◆ **Exercise input**:
········
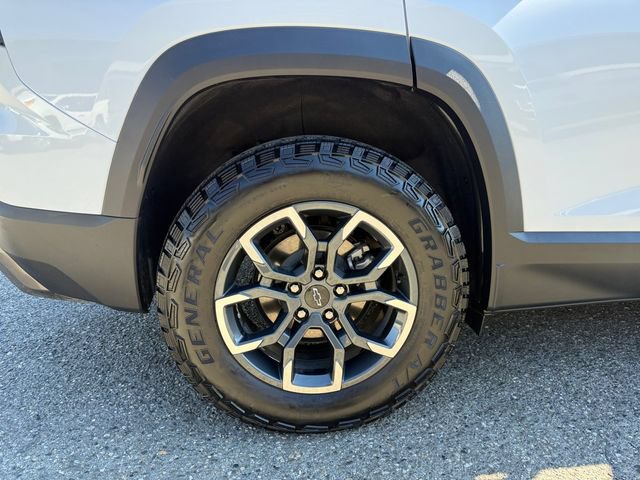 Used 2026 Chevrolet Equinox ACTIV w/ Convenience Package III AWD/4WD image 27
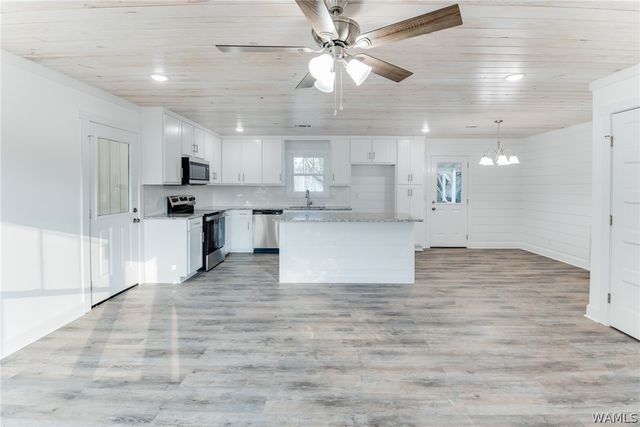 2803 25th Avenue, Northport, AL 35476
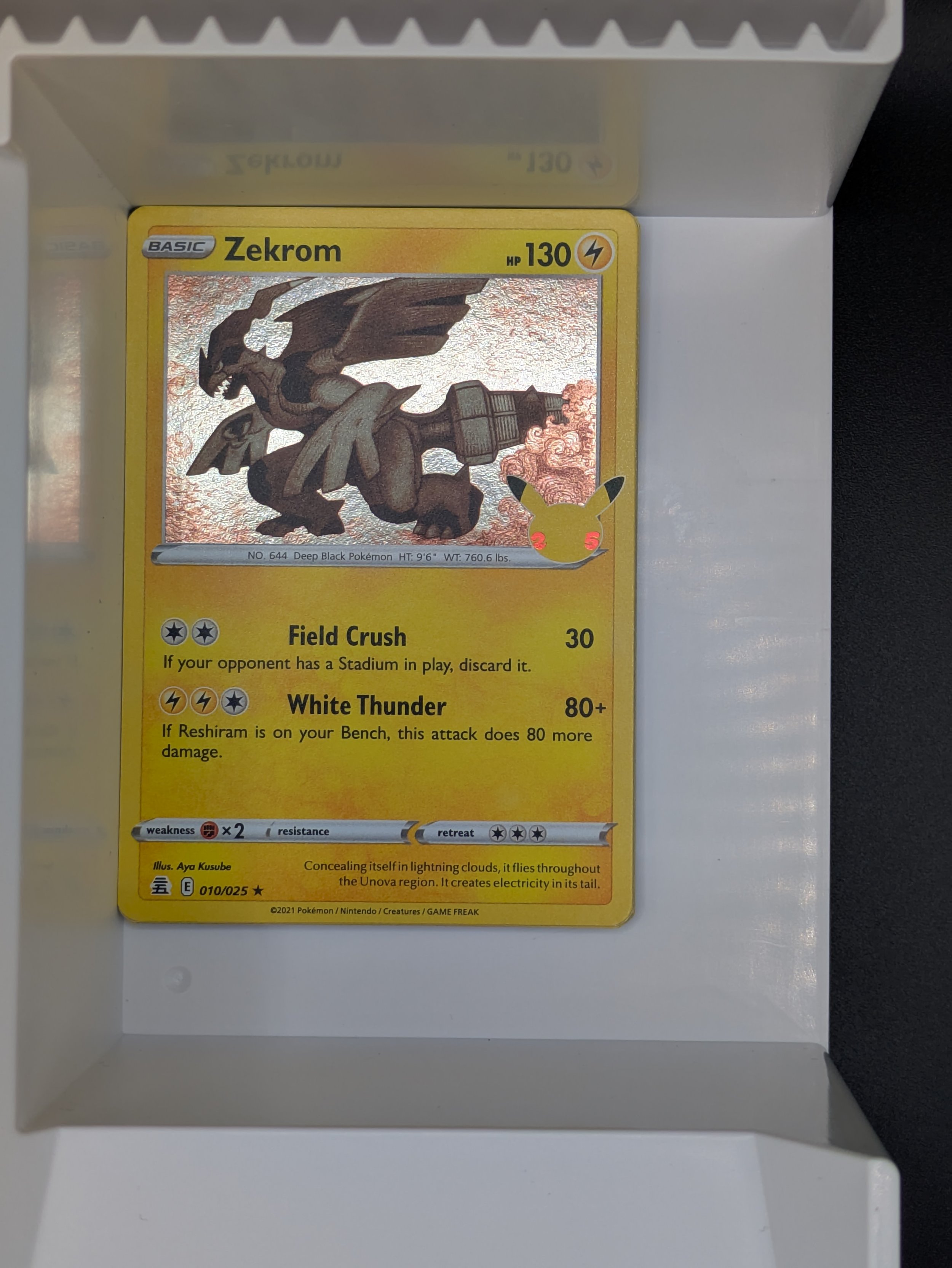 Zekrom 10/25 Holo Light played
········
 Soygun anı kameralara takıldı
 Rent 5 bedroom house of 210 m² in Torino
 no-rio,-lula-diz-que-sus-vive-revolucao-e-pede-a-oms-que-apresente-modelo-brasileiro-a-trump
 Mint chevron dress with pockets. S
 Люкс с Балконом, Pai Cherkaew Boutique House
········
◆ **Aim of the exercise**: Where a picture appears in the records above, omit it, and transcribe exactly the stretch of lines from the one with "Used 2026 Chevrolet" through the one with "Zekrom 10/25 Holo Light played".

◆ **Written solution**:
 Used 2026 Chevrolet Equinox ACTIV w/ Convenience Package III AWD/4WD image 27
 2803 25th Avenue, Northport, AL 35476
 Zekrom 10/25 Holo Light played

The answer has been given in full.